The duo will thus reign over Quebec theater for decades, with productions on the chain: Tomorrow morning, Montreal is waiting for me, Hosanna, The Duchess of Langeais, Forever yours, your Marie-Lou, Hello, there, hello, Saint Carmen of the Hand, Albertine in five stages, The real world? For 35 years, he signed ALL the creations of the prolific Tremblay.

In addition to his complicity with the work of Michel Tremblay, the director also staged classics: Euripide, Shakespeare, Racine, Tchekhov, Beckett. In the 1980s, he signed the creation of key pieces by Michel Marc Bouchard, Normand Chaurette and, later, Olivier Choinière.

André Brassard also participated in the founding of the Center du Théâtre d’Aujourd’hui in 1968. He directed the French Theater of the Center national des arts from 1983 to 1989. For eight years, he piloted the French section of the National Theater School of Canada. In the cinema in the 1970s, he made the cult films Francoise Durocher, waitress, The sun rises late and Once upon a time in the East.

In 1999, his career was brutally interrupted by illness (a stroke). She will stop for good in 2009, at Espace Go, with her staging of Oh good days !, with Andrée Lachapelle, “this gift from God to suffering humanity”, he liked to say about the actress who disappeared in November 2019.

A coming out and a controversy

In the spring of 1972, Brassard went to France with Tremblay. They present their film at the Cannes Film Festival Once Upon a Time in the East. At a press conference, a French journalist asks them a tendentious question: “Why are you attracted to the marginalized? » Brassard’s frank answer: « Probably because we are homosexuals. »


PHOTO ARCHIVES PRESS

movie scene Once Upon a Time in the East (1974), by André Brassard

Back then, no one talked about their sexual orientation in public. The gesture of the two artists seems heroic in the eyes of the pioneers of the LGBTQ + cause. However, his attraction for (too) young men will catch up with Brassard eight years later. In 1975, police searched his home and seized photos of naked boys and young men aged 14 to 20 who were part of a prostitution ring. Brassard was sentenced for gross indecency to 90 days in prison spread over several weekends.

A devastating stroke

In 1999, Brassard suffered a stroke that will nail him to his chair. He retains his whole head, but his physical faculties are greatly diminished. At only 53 years old, he will never be the same man again. “It’s annoying, I have trouble reading, thinking,” he confided to his biographer, Guillaume Corbeil. I think it’s expensive to pay for my youthful follies. I feel like a dead man on borrowed time. If you have to stop living to continue living, it’s not worth it. »

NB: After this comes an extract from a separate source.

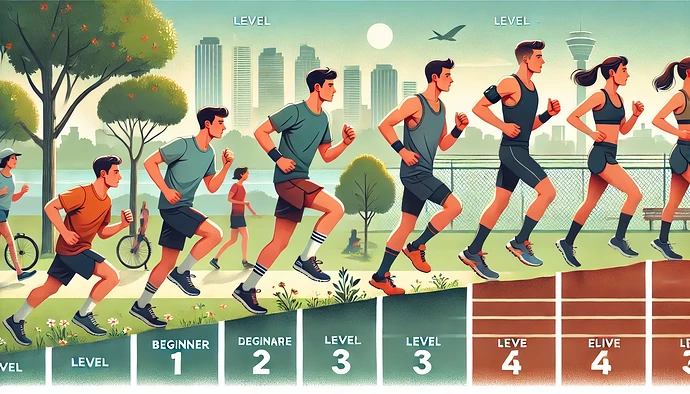 Системные уровни мастерства в беге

A year after her stroke, she was awarded the Denise-Pelletier prize in recognition of her exceptional contribution to performing arts and Quebec theatre. On receiving his prize from the Government of Quebec, André Brassard, frail in his chair, his voice weak, quavering, quoted Albert Camus: “The only power we have is to prevent, to slow down the destruction of the world. »

In 2004, the director received another tribute prize at the Masques evening. The same year, he confides in Wajdi Mouawad in a book of interviews, I am the bad guy! For Brassard, “the theater remains the only place where humans face other humans with the hope that something could happen,” he told the current director of the Théâtre de la Colline in Paris, who was once his student at the National Theater School.

In his own way, André Brassard was also a godsend to our suffering humanity.